(Beginning of DATA EXCERPTS)
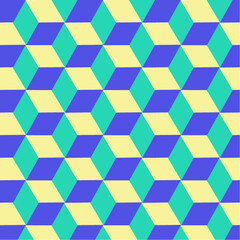 Cube pattern design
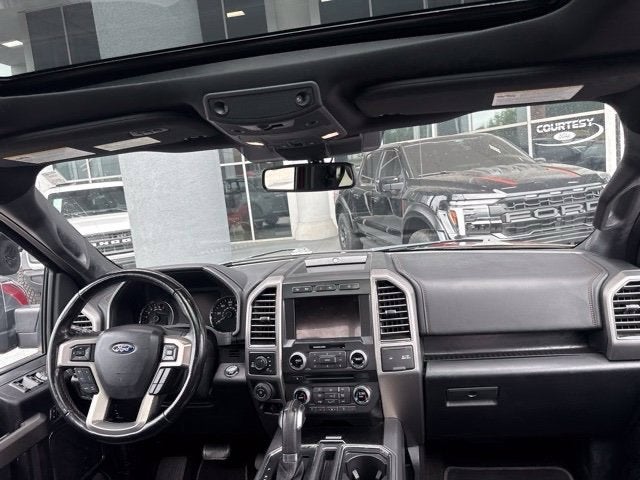 2018 Ford F-150 Platinum 4WD FX4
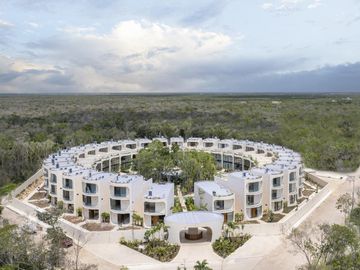 CASA EN VENTA EN TULUM 3 HABITACIONES CON GYM, ALBERCA PRIVADA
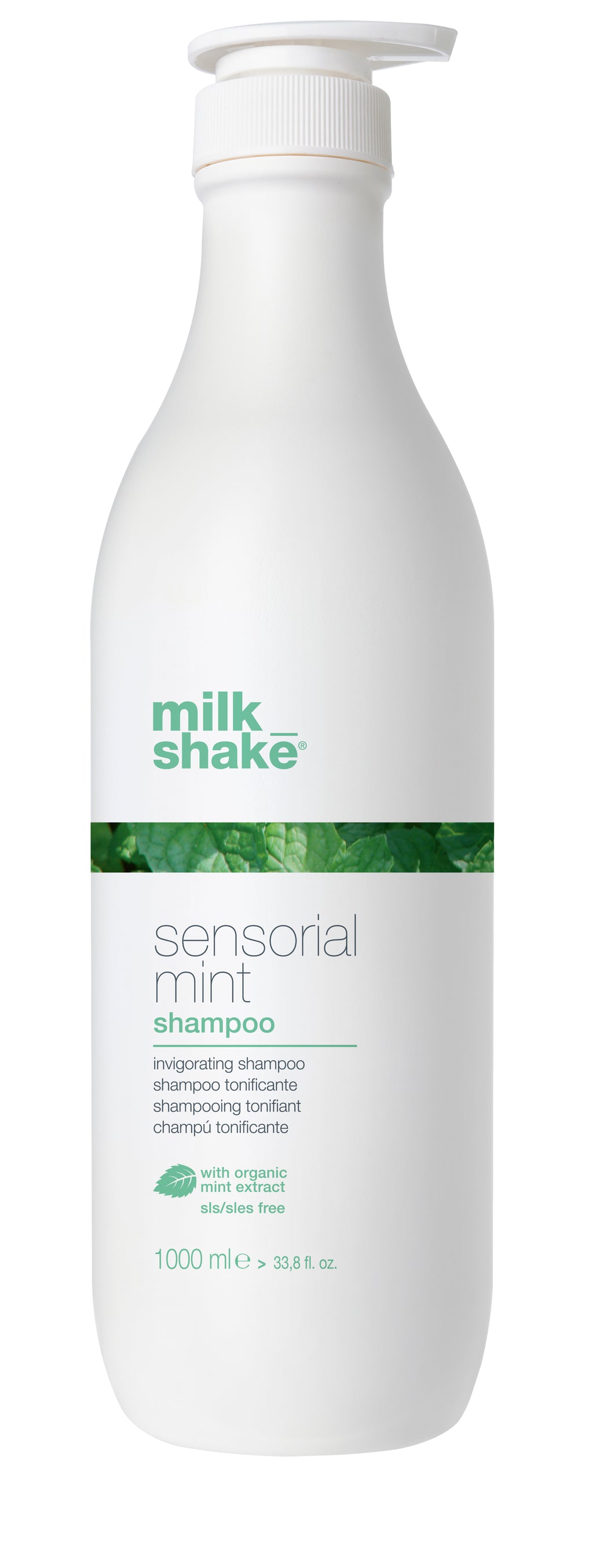 milk_shake sensorial mint shampoo 1L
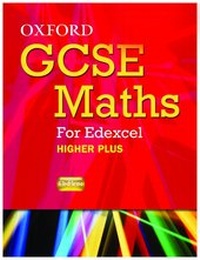 Enlarge image Cover: Oxford GCSE Maths for Edexcel: Specification B Student Book Higher Plus (A*-B) - Oxford University Press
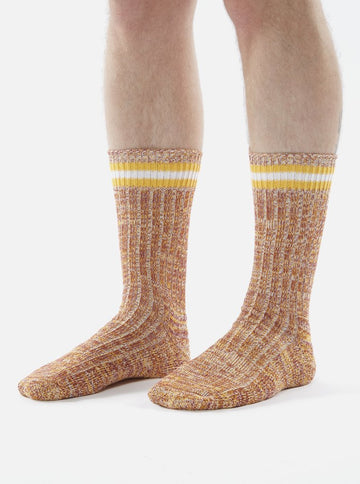 Everyday Stripe Sock Yellow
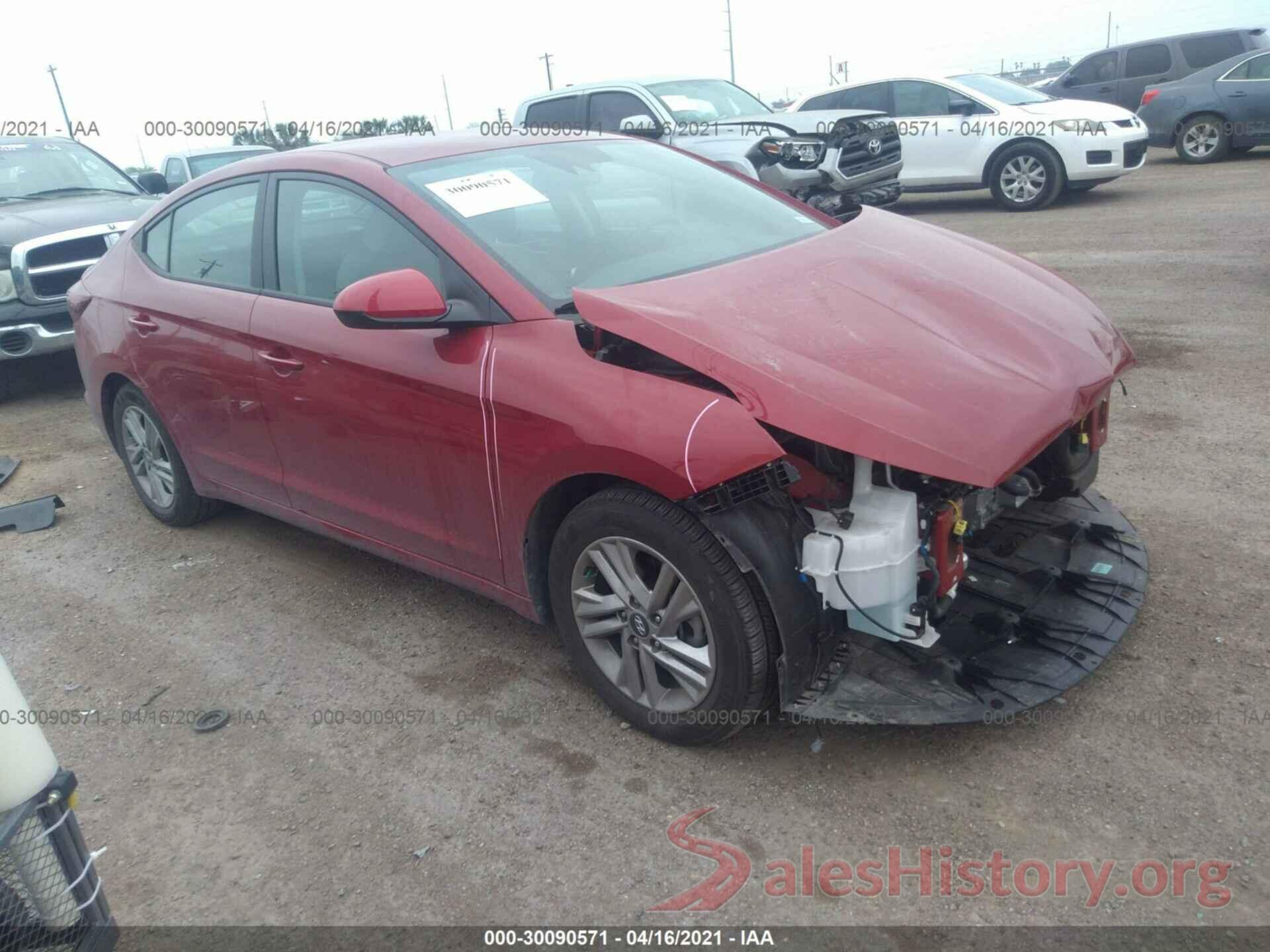 KMHD84LF8LU026100 2020 HYUNDAI ELANTRA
(End of DATA EXCERPTS)
* WHAT TO WORK ON: Only the lines from the one containing "milk_shake sensorial mint shampoo 1L" to the end of the listing belong in the answer, exactly as they stand and with no pictures.

* EXERCISE OUTPUT:
 milk_shake sensorial mint shampoo 1L
 Enlarge image Cover: Oxford GCSE Maths for Edexcel: Specification B Student Book Higher Plus (A*-B) - Oxford University Press
 Everyday Stripe Sock Yellow
 KMHD84LF8LU026100 2020 HYUNDAI ELANTRA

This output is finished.